Time Series Cross Validation

1 Time-Based Cross-Validation Using `TimeSeriesCV` and `TimeSeriesCVSplitter`

In this tutorial, you’ll learn how to use the TimeSeriesCV and TimeSeriesCVSplitter classes from pytimetk for time series cross-validation, using the walmart_sales_df dataset as an example, which contains 7 time series groups.

In Part 1, we’ll start with exploring the data and move on to creating and visualizing time-based cross-validation splits. This will prepare you for the next section with Scikit Learn.
In Part 2, we’ll implement time series cross-validation with Scikit-Learn, engineer features, train a random forest model, and visualize the results in Python. By following this process, you can ensure a robust evaluation of your time series models and gain insights into their predictive performance.

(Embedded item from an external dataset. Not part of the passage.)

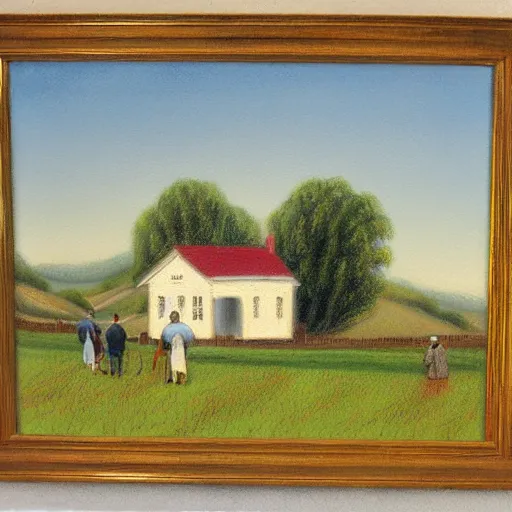 Image similar to Jefferson and Washington walking inside amish houses among hills and fields, pastel style painting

2 Part 1: Getting Started with `TimeSeriesCV`

TimeSeriesCV is used to generate many time series splits (or folds) for use in modeling and resampling with one or more time series groups contained in the data.

Using with Scikit Learn

If you are wanting a drop-in replacement for Scikit Learn’s TimeSeriesSplit, please use TimeSeriesCVSplitter() discussed next. The splitter uses TimeSeriesCV under the hood.

2.1 Step 1: Load and Explore the Data

First, let’s load the Walmart sales dataset and explore its structure:

# libraries
import pytimetk as tk
import pandas as pd
import numpy as np

# Import Data
walmart_sales_df = tk.load_dataset('walmart_sales_weekly')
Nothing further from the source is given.